───── Records shown ─────

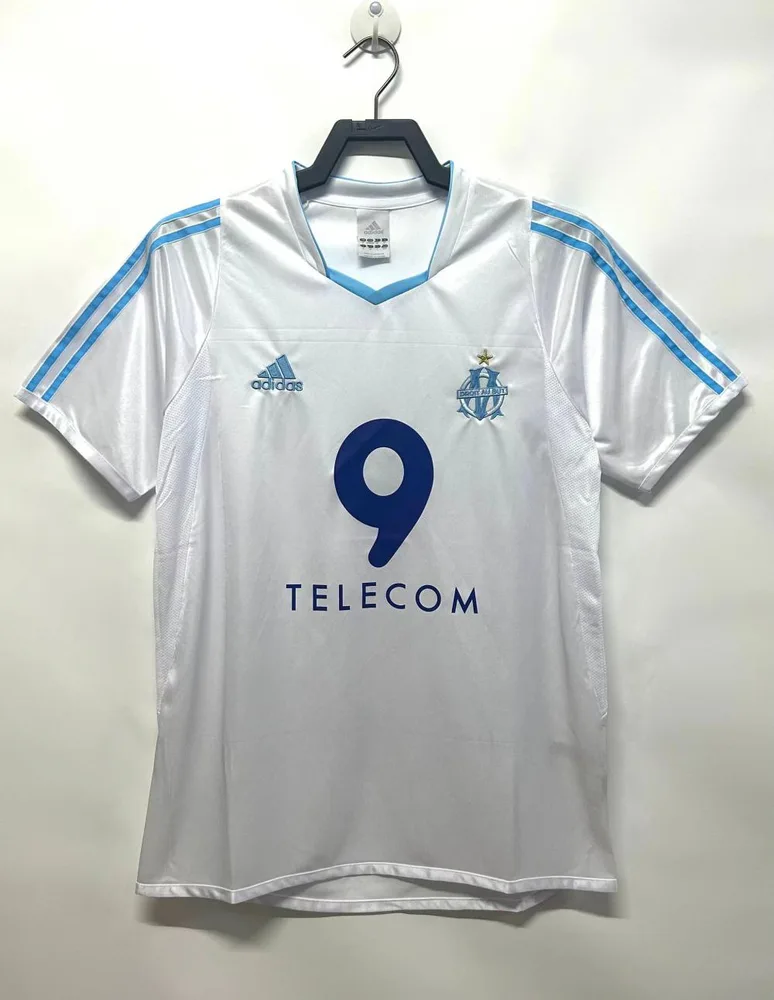 2002-2003 Retro Olympique de Marseille Camiseta Local Fútbol  — main view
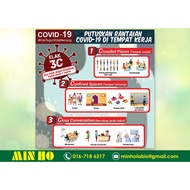 SOP Poster Putuskan Rantaian Covid-19 3C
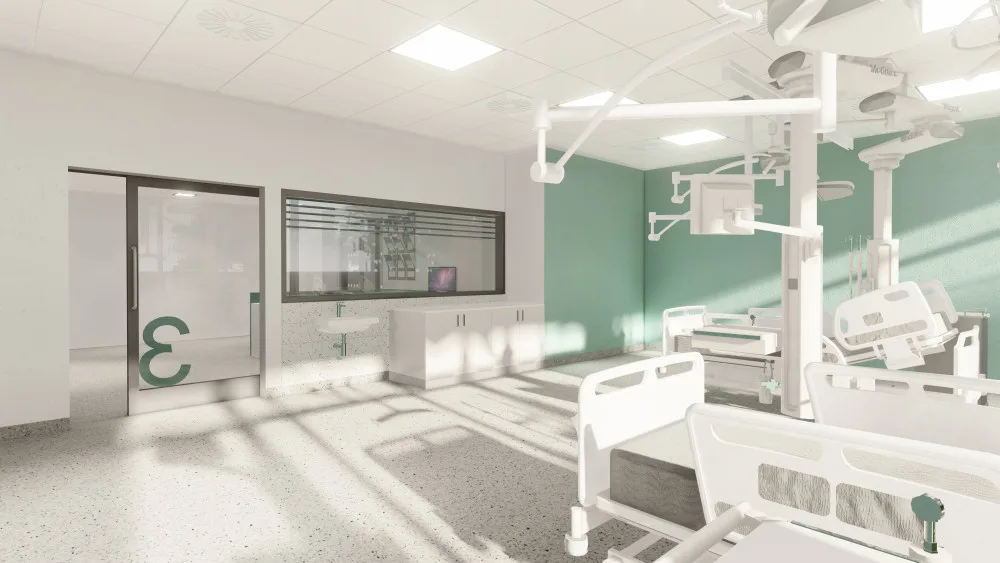 Vizualizace kardiologické kliniky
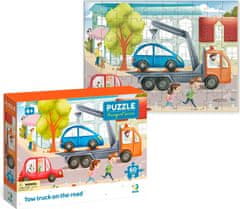 Dodo Toys Puzzle Odtahový vůz 60 dílků
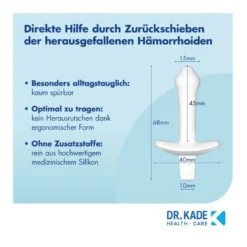 Postericare Hämorrhoiden-Stick, 1 St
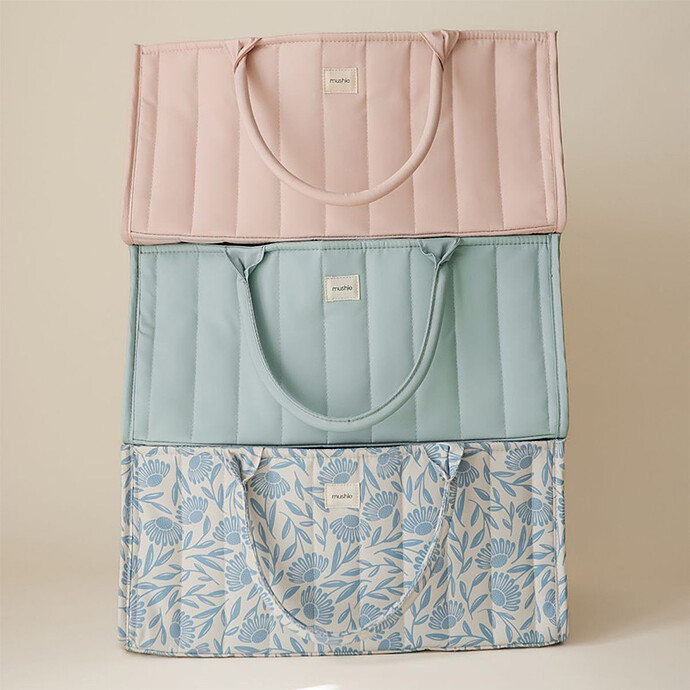 Avis Organisateur de Couches - Blue Flowers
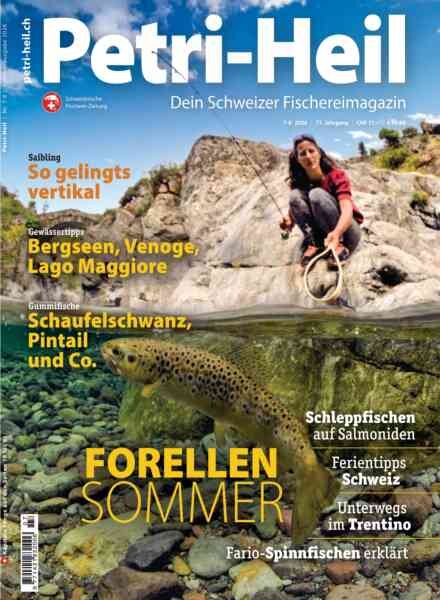 Petri-Heil – Juli-August 2026 Cover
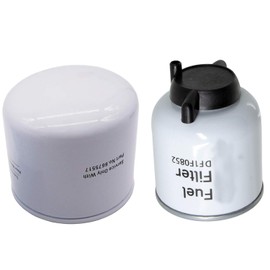 6667352 Fuel Filter 6675517 Oil Filter fits for Bobcat 751 753 763 773 7753 S130 S150 S160 S175 S185 S205 S450 S510 S530 S550 S570 S590 T110 T140 T180 T190 T550 225 231 325 328 329 331 334 335 337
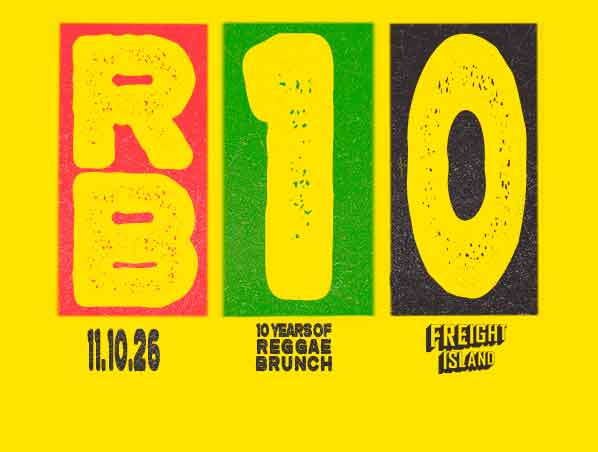 Sun 11th Oct | RB 10th Bday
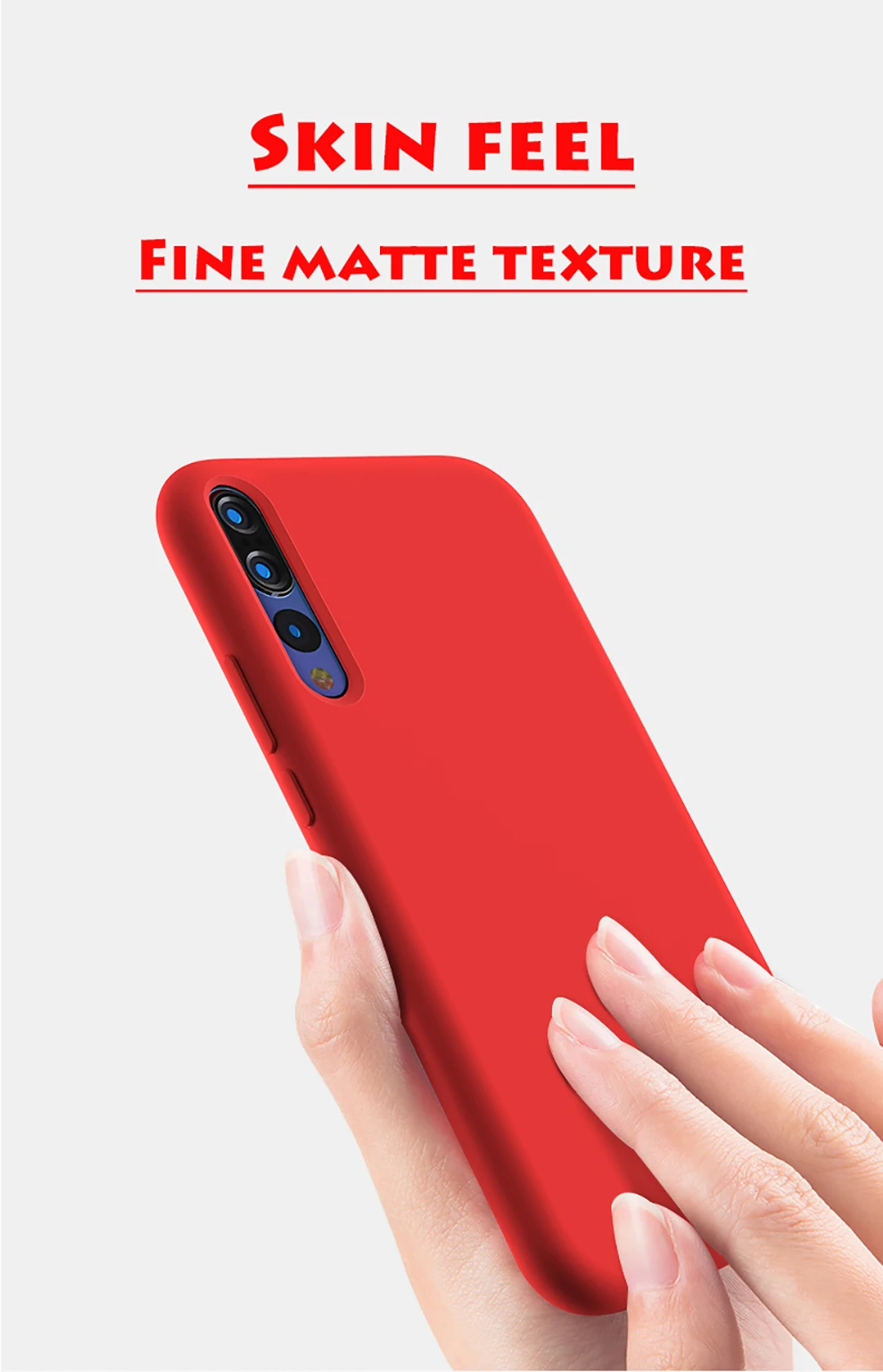 Жидкий силиконовый чехол для huawei P30 Pro Чехол полная защита бизнес мягкий чехол для телефона для huawei P30 Lite P 30 Pro задняя крышка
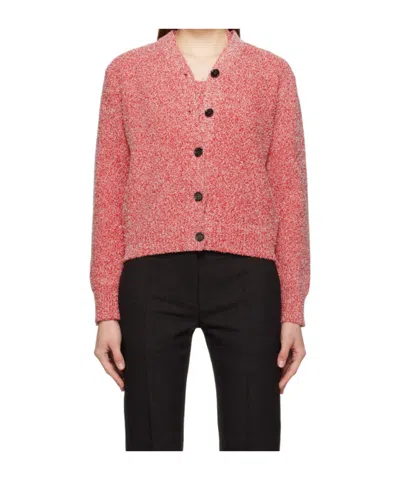 Ferragamo Bouclé Cardigan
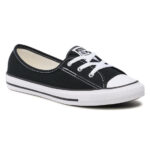 Converse Trampki Ctas Bellet Lace Slip 566775C Czarny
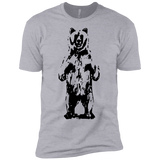 T-Shirts Heather Grey / YXS Bear Hug Boys Premium T-Shirt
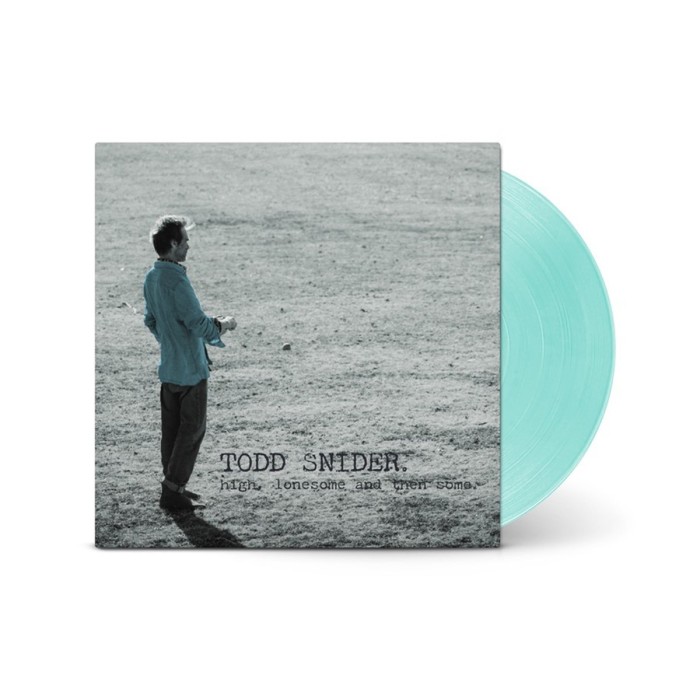 Todd Snider - High, Lonesome, And Then Some (Sea Glass Vinyl)
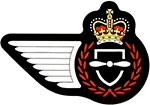 Badge of Air Operations Support Technician of the Royal Canadian Air Force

─────

Where a picture appears in the data, omit it; restate the rest word for word.

Reply to the task:
 2002-2003 Retro Olympique de Marseille Camiseta Local Fútbol  — main view
 SOP Poster Putuskan Rantaian Covid-19 3C
 Vizualizace kardiologické kliniky
 Dodo Toys Puzzle Odtahový vůz 60 dílků
 Postericare Hämorrhoiden-Stick, 1 St
 Avis Organisateur de Couches - Blue Flowers
 Petri-Heil – Juli-August 2026 Cover
 6667352 Fuel Filter 6675517 Oil Filter fits for Bobcat 751 753 763 773 7753 S130 S150 S160 S175 S185 S205 S450 S510 S530 S550 S570 S590 T110 T140 T180 T190 T550 225 231 325 328 329 331 334 335 337
 Sun 11th Oct | RB 10th Bday
 Жидкий силиконовый чехол для huawei P30 Pro Чехол полная защита бизнес мягкий чехол для телефона для huawei P30 Lite P 30 Pro задняя крышка
 Ferragamo Bouclé Cardigan
 Converse Trampki Ctas Bellet Lace Slip 566775C Czarny
 T-Shirts Heather Grey / YXS Bear Hug Boys Premium T-Shirt
 Todd Snider - High, Lonesome, And Then Some (Sea Glass Vinyl)
 Badge of Air Operations Support Technician of the Royal Canadian Air Force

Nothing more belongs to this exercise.